3 Replies Latest reply: Jan 20, 2013 3:55 AM by 973995 RSS

    index selectivity

    793965
      Hi gems..good afternoon..

      I was reading the chapter Indexes in the book of Tom Kyte's Oracle Expert Database Architecture. There I clearly understood the fact that we should use B Tree index when we want to access very small percentage of rows from a table through the index or if we want to access large percentage of rows which are retrievable from the index entirely.

      Now a situation came in my mind (may be its a very silly question but I am not getting it, please help me)...

      Suppose in a table of eighty thousand rows there are several columns and one column has total five distinct values (which is very less and we should not use index). But on the other hand, among those five distinct values, three of them appeared for very less number of times (in 80000 rows, they appear only for 10 to 20 times) and rest two distinct values appeared a lot of times.

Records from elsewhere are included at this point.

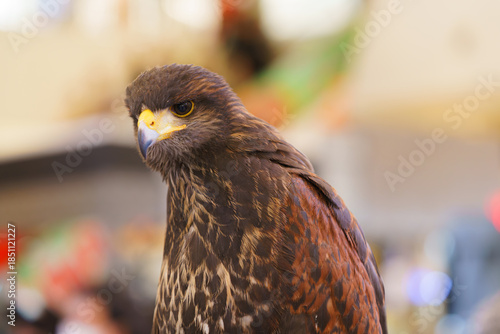 Close-up profile of a Harris's Hawk with detailed brown and chestnut feathers and a sharp yellow beak. This majestic bird of prey is captured in a professional portrait with a blurred background.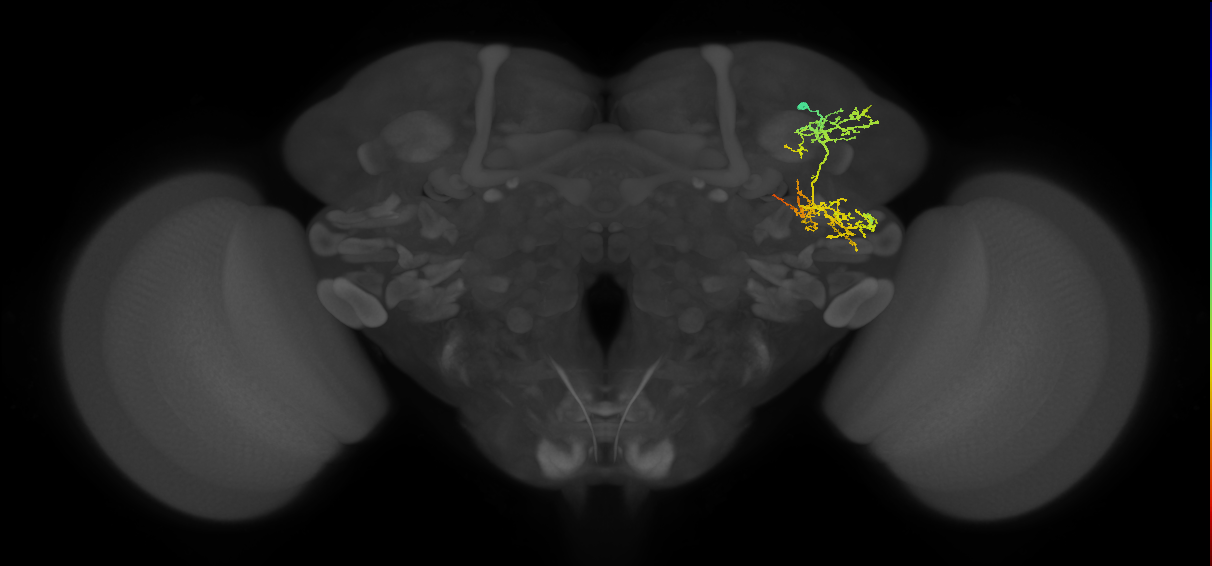 SLP467_R (MaleCNS:39733)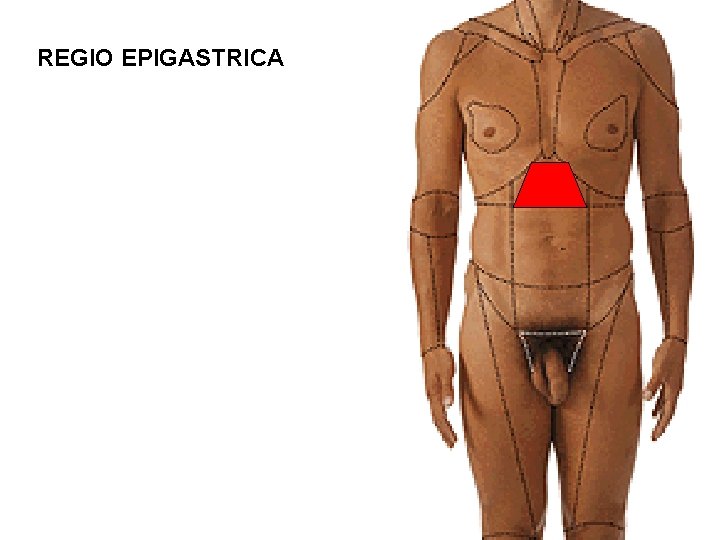 REGIO EPIGASTRICA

      Now in this case, an index on that column will be beneficial if we access those three values which appeared less number of times and the same index will be disastrous for the other two values.

      So, what should we do in this case...please help.

      Thanks in advance.
        • 1. Re: index selectivity
          Harmandeep Singh
          The solution for you problem is as below
          1. Create histogram on this highly skewed column
          2. To use the index use the literal values when the column is referenced in WHERE clause

          select * from tab1 where c1=4;

          HTH

          Thanks,
          Harman
          • 2. Re: index selectivity
            Jonathan Lewis
            gogol wrote:

            Now a situation came in my mind (may be its a very silly question but I am not getting it, please help me)...
            Congratulations for reading something and taking the time to come up with a thought experiment to question what you've read. In fact your scenario is quite common and not a silly question at all.

            >
            Suppose in a table of eighty thousand rows there are several columns and one column has total five distinct values (which is very less and we should not use index). But on the other hand, among those five distinct values, three of them appeared for very less number of times (in 80000 rows, they appear only for 10 to 20 times) and rest two distinct values appeared a lot of times.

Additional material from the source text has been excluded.